Off the top of my head there are a couple of different ways to do this:
1. Create a list of the images parsed and add them to some file(s) on
the HDFS. Then use that file to ignore going forward. You would
probably need to do some type of file merge at the end and your
complexity would grow with the number of images parsed. The file
type could also be something like SQLLite or BDB for fast access.
The key here is either you have multiple files you are searching
or you are merging intermediate and existing files at some point.

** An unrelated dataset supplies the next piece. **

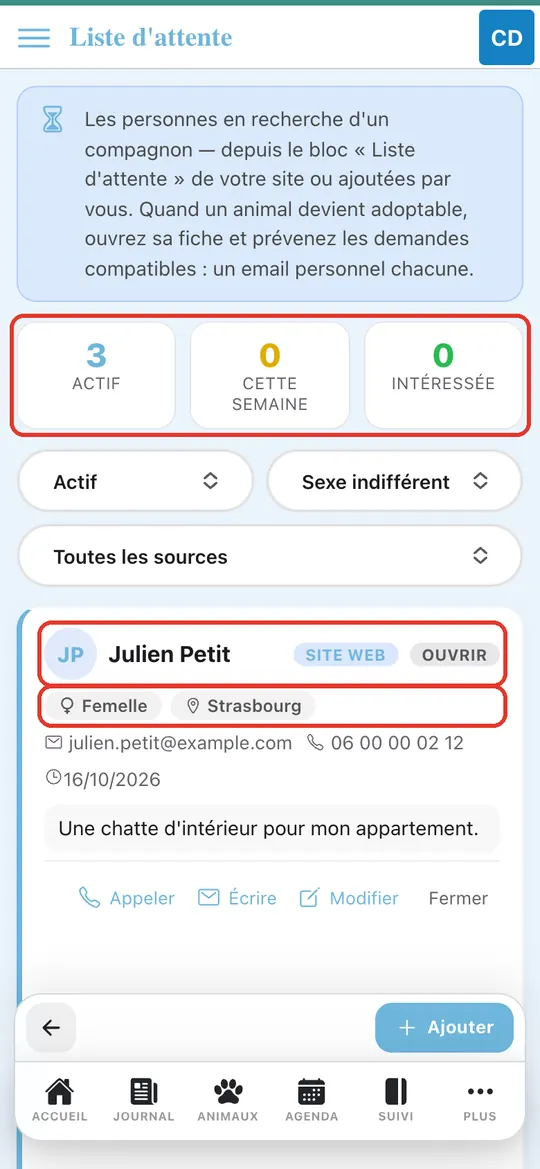 Capture de l'application : Compteurs « Actif », « Cette semaine », « Intéressée » ; première demande et ses critères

2. Use Memcached or a similar system to hold your real time
information and access that from your Hadoop tasks. This should
give you the singelton type of structure you are looking for. It
is still possible that some images are parsed more than once due
to distributed race conditions but it would significantly reduce
that number. You could also use HBase for something like this
although I think key value (memcached) versus record store (HBase)
is better in this instance.
The distributed cache isn't really what you are looking for unless the
batch ignore method described above is what you want. In that case the
case gives you an optimization of have the file on every local machine
between jobs.
Dennis
On 06/20/2010 09:35 AM, Emmanuel de Castro Santana wrote:
Hi everybody !
I am developing a image parsing plugin for Nutch 1.1 to use it for intranet
pages.
This plugin traverses the document getting all images and parsing them
synchronously.
The parsing process is not expensive if we do not parse the same images
again and again whenever they are found throughout the site.
About 70% of the parsed pages contain only the same images, things like
logos, footer images, etc.
To avoid the unnecessary load, we are now trying to build a sort of cache in
which we put all image addresses that have already been processed.
The problem is that we are running in a distributed environment.
With that in mind, is there a kind of Hadoop level Distributed Cache our
plugin can access so all cores know what has already been parsed by the
other cores ? A singleton object all cores could see would suffice.
I have read about Hadoop's DistributedCache, but it doesn't seem to be what
I need.
http://hadoop.apache.org/common/docs/r0.18.3/api/org/apache/hadoop/filecache/DistributedCache.html
http://hadoop.apache.org/common/docs/r0.18.3/mapred_tutorial.html#DistributedCache
Thanks in advance,
Emmanuel de Castro Santana